GOTCHA: Shoalhaven recreational fisher and South Coast Register columnist Steve Johnson lands another catch in the Shoalhaven River.

GOTCHA: Shoalhaven recreational fisher and South Coast Register columnist Steve Johnson lands another catch in the Shoalhaven River.

The EPA has released tables which lists the number of serves of a single species that can be eaten each week to limit exposure to half of the health-based guideline value.

Recommended maximum weekly intake for species caught in areas upstream of the Nowra Bridge. For children aged two to six years it is suggested they can have five serves of sand whiting, three serves of luderick or sea mullet, two serves of dusky flathead and a single serve of silver biddy per week.
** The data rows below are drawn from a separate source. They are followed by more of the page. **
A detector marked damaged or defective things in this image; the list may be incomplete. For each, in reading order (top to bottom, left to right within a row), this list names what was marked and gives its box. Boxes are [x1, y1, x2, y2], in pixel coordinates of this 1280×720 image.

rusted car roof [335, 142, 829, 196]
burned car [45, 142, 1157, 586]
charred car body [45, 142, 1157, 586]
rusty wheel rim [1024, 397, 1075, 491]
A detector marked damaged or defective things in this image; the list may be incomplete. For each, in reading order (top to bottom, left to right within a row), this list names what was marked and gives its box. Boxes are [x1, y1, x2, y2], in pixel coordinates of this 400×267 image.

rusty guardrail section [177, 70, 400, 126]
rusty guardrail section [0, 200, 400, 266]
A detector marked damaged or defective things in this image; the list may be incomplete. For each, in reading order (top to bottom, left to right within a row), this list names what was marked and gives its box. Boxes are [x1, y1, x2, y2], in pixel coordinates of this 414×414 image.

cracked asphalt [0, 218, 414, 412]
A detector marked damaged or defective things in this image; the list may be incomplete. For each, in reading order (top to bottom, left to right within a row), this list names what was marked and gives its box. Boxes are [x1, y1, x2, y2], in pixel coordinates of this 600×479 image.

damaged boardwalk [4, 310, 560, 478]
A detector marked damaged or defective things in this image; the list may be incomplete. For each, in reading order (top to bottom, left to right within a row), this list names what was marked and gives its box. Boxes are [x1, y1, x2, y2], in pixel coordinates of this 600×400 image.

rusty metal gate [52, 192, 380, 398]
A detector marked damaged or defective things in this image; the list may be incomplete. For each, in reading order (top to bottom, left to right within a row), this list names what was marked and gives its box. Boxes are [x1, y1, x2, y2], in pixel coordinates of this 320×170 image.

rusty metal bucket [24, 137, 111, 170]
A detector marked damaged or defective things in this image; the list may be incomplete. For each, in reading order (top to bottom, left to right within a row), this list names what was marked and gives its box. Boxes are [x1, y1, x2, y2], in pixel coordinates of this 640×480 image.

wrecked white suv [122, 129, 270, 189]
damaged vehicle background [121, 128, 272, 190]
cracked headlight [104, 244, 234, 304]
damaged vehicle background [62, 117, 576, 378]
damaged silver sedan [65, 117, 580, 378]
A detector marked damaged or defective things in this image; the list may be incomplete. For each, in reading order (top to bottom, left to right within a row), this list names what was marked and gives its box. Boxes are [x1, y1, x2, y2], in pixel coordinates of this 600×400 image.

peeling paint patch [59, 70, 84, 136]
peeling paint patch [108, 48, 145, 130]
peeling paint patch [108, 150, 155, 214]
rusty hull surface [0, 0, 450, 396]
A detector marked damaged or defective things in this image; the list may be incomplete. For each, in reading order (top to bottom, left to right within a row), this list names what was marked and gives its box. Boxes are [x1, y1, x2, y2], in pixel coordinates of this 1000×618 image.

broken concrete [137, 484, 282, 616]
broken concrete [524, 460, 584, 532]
For other age groups it is recommended six serves of luderick, five of sea mullet, four of dusky flathead, three of silver biddy per week, while there is no recommended intake of sand whiting.

The recommended maximum weekly intake for species caught in areas downstream of the Nowra Bridge. For children aged two to six it is recommended six serves of sea mullet, five of silver biddy and three of dusky flathead.

For other age groups there is no dietary advice is required based on the reported PFOS and PFHxS concentrations. Concentrations were below the adopted trigger values in the samples analysed.

Adult serving size is 150 grams and children serving size is 75 grams.

The EPA says species specific information is for when a single species of fish is eaten per week. Eating multiple species would result in a greater exposure.

The EPA said consumption of offal in all species should be avoided.